Sunday, October 7, 2018

Safe Operations For High Volume PostgreSQL

Add a new column (safe)

In general, adding a new column is a safe operation that doesn't lock the table. However, there are cases where certain options of the command lock the table. These cases are quite common when working on an evolving product.

Add a new column with a non-nullable constraint / default value (unsafe)

This requires each row of the table to be updated so the default column value can be stored. The entire table is locked during this operation, depending on the size of the table, it can take a while and everything else comes to a halt. The solution is to add the new nullable column without a default value, backfill the desired value in batches, then add the non-nullable constraint/default value with an alter statement.

One big good news is that from PostgreSQL 11, adding a new column with default value will be painless, as it should have been :)

Add a default value to an existing column. (safe)

If the column is nullable previously, the default value won't alter those existing null rows. If the column is non-nullable, all rows are guaranteed to store some value. Either way, the operation does not block the table and is safe to execute.
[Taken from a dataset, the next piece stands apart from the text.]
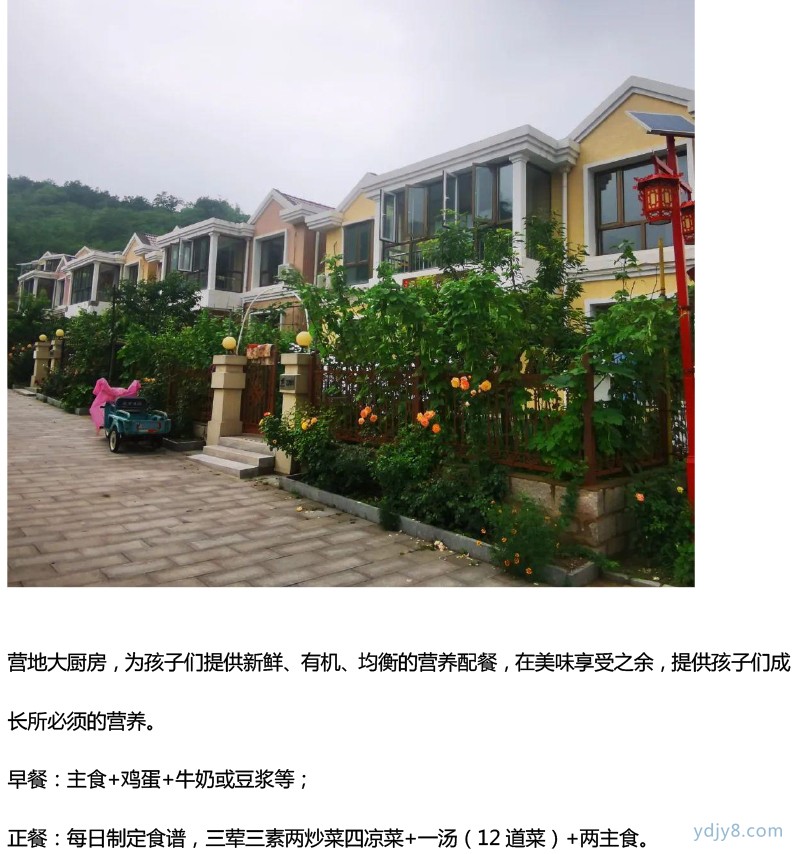 【夏令營】高能-少年安全官第九季 安全自護·水陸運動挑戰(zhàn)·酷涼嗨度一夏-32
Change the type of a column. (unsafe)

Strictly speaking, this operation locks the table and is therefore unsafe. If the underlining datatype is not changed, like increasing the length of varchar, then the table isn't locked. But if the change requires a rewrite/re-cast, each row of the table is to be updated and the table is locked for the same reason as adding a new column with a default value. The solution is to add a new column, backfill the new column, and get rid of the old one.

Add a Foreign Key (unsafe)

To protect data integrity, an AccessExclusiveLock is placed on both tables, grinds every read and write to a halt (PostgreSQL 9.6+ reportedly allows read). The solution is to take advantage of Postgres' ability to introduce invalid constraints. The procedure is to first create an invalid Foreign Key constraint by specifying NOT VALID in the ALTER TABLE statement, and then validate it in a separate VALIDATE CONSTRAINT statement. The second validation only requires a RowShareLock that doesn't block reads nor writes. Do note that if there is a reference to non-existing rows, the operation won't be completed and you have to take care of integrity on your own.

Add an index (unsafe)

By nature, the table being indexed is locked against writes and the entire index is built in a single scan of the table. Read transactions can still be done meanwhile.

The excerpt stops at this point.